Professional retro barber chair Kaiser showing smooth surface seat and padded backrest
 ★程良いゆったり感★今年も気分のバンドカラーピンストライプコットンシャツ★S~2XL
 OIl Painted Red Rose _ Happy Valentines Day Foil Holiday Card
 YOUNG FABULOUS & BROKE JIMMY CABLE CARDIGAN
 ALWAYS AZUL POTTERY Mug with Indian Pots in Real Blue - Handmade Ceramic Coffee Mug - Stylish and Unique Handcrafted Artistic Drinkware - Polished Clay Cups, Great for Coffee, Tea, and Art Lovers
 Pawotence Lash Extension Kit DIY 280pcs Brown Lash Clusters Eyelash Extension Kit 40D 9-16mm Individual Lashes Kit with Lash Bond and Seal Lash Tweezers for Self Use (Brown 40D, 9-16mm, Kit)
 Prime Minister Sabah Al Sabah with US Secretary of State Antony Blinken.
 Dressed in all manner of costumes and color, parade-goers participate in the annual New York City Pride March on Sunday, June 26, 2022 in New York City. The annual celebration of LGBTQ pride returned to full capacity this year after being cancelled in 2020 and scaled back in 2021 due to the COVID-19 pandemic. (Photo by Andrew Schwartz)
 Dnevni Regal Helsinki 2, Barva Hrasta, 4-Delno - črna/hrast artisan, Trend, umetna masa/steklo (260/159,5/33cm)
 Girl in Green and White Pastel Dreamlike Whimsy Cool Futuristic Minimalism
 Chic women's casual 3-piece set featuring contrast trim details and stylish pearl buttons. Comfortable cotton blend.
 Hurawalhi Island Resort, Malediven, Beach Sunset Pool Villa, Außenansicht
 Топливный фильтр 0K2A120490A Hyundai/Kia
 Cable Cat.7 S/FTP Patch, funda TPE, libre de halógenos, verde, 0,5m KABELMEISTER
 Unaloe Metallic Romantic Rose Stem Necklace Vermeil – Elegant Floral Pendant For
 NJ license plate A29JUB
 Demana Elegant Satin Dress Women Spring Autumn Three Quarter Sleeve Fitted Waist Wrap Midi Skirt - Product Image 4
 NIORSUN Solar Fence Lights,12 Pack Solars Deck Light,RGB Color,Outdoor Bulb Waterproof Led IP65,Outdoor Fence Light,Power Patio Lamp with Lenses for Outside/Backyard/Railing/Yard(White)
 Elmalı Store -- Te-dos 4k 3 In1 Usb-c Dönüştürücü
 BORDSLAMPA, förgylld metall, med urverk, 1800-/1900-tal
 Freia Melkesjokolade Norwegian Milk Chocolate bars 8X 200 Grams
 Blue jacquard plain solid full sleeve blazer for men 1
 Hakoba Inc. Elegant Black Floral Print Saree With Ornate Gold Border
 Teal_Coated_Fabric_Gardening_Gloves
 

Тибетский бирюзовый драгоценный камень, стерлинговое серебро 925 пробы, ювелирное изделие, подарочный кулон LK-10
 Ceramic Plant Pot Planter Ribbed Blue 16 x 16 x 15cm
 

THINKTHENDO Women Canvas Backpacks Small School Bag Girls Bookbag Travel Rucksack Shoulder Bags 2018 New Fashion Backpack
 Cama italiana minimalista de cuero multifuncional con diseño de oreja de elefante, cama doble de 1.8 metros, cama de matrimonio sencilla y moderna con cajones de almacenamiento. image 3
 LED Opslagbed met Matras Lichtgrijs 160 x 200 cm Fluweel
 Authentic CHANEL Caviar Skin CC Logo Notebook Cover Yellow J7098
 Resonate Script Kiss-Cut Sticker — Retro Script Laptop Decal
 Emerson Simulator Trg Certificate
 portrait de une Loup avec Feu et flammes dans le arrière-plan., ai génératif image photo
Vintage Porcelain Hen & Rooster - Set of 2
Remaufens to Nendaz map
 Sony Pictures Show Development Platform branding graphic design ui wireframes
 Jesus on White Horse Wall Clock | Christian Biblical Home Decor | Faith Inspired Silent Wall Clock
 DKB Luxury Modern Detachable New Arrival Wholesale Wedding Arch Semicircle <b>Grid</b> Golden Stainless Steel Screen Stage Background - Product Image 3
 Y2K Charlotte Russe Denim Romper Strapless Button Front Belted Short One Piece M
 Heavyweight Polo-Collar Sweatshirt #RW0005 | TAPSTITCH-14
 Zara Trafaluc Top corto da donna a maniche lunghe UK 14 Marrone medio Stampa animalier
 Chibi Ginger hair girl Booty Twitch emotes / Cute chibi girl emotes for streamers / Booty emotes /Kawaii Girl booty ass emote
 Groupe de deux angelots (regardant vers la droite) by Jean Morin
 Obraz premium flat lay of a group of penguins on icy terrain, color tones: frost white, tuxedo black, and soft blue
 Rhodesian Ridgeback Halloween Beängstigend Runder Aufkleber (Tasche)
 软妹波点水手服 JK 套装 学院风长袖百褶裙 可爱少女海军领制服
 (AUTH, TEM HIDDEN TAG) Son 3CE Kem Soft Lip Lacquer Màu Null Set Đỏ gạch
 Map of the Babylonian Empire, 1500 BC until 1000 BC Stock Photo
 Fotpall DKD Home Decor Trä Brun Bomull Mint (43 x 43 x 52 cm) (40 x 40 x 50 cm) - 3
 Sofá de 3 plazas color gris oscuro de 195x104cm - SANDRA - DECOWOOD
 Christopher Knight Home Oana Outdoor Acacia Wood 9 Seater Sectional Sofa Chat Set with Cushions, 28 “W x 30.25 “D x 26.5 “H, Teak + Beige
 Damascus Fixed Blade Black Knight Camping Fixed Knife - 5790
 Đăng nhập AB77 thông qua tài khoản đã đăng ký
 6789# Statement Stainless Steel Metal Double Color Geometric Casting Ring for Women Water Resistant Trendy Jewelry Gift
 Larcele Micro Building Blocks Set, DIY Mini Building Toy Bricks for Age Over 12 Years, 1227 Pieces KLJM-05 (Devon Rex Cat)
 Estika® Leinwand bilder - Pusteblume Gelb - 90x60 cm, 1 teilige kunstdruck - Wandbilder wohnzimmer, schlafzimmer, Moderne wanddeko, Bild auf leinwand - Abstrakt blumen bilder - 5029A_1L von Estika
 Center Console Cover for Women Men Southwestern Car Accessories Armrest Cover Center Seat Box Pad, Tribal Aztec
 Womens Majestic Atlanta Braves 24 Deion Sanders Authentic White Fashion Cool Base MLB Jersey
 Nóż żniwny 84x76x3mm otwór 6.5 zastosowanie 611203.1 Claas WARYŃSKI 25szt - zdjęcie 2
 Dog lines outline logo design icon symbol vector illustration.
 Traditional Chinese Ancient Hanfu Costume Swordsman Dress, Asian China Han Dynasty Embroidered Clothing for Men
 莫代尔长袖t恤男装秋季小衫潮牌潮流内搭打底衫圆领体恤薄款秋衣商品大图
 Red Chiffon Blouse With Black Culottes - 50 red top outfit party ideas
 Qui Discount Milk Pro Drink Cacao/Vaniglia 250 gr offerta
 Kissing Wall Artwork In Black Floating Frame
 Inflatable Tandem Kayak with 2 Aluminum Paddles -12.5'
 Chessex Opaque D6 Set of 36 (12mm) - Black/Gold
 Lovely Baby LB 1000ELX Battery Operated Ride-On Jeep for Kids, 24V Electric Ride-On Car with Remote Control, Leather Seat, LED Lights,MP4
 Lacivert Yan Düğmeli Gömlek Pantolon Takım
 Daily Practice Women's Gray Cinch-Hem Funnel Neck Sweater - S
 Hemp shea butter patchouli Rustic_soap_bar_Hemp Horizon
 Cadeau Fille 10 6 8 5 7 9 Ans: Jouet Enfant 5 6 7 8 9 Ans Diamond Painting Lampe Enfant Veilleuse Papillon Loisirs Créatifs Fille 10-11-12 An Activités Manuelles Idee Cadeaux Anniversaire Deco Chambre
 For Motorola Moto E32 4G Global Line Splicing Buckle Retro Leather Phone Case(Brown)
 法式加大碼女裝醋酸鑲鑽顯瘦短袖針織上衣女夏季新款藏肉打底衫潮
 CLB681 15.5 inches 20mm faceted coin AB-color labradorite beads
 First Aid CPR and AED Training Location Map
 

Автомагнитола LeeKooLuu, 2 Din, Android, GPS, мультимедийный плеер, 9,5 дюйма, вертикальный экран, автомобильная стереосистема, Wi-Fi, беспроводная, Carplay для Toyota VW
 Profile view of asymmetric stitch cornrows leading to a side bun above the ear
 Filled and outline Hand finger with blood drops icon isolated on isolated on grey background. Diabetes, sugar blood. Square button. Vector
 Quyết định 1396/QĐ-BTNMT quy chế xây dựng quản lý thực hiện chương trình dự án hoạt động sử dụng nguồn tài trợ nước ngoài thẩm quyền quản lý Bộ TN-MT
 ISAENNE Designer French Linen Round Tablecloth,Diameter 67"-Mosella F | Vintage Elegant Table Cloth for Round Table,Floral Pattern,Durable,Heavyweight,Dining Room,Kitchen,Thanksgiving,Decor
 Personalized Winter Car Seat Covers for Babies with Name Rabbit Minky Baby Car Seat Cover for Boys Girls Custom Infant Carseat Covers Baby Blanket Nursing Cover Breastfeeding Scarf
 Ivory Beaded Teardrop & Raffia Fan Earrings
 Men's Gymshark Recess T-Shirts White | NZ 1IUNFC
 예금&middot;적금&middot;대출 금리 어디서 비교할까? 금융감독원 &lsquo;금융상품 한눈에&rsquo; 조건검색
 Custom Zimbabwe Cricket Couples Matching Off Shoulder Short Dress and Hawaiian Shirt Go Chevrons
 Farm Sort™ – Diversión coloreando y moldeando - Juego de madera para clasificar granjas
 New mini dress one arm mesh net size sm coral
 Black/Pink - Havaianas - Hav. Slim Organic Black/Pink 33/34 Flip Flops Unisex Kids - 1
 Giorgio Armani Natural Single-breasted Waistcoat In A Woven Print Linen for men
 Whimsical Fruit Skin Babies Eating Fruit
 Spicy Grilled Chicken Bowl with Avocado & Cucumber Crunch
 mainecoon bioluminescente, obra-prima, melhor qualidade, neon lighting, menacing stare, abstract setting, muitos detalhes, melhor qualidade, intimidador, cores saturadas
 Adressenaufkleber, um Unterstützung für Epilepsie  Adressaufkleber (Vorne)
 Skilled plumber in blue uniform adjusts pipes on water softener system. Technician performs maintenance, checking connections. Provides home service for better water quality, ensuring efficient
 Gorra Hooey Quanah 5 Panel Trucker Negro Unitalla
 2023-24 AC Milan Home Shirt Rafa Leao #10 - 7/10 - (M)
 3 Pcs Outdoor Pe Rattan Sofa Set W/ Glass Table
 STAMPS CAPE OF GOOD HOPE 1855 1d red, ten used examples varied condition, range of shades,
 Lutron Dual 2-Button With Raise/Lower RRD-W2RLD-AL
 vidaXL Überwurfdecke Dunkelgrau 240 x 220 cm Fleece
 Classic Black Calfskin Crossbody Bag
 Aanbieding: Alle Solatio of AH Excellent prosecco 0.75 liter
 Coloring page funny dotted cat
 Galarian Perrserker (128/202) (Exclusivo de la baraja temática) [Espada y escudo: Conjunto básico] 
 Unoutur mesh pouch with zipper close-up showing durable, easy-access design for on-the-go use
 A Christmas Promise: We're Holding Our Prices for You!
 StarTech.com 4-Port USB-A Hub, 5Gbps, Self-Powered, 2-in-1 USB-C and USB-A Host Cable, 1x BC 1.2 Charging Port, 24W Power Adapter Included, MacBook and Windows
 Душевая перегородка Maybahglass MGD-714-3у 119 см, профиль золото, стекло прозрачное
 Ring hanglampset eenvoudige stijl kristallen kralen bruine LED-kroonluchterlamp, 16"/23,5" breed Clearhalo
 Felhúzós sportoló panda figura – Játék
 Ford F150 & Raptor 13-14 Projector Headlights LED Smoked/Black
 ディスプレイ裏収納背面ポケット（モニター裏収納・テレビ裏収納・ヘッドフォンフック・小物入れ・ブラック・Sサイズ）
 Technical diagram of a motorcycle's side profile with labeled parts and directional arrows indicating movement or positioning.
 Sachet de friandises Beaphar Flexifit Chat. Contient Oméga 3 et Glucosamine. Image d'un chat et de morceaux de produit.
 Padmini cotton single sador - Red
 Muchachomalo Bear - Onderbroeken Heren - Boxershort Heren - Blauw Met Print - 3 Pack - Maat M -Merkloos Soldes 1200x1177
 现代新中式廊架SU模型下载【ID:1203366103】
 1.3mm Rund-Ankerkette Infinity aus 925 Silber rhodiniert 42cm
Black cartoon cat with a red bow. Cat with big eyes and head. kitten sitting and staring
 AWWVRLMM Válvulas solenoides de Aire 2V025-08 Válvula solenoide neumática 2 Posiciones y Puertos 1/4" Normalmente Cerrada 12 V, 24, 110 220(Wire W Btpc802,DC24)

◇ ◇ ◇ ◇ ◇ ◇ ◇

WHAT IS REQUIRED:
When the word "Kids" turns up on a line of the material above, copy that line.

RESPONSE TO THIS TASK:
 Lovely Baby LB 1000ELX Battery Operated Ride-On Jeep for Kids, 24V Electric Ride-On Car with Remote Control, Leather Seat, LED Lights,MP4
 Black/Pink - Havaianas - Hav. Slim Organic Black/Pink 33/34 Flip Flops Unisex Kids - 1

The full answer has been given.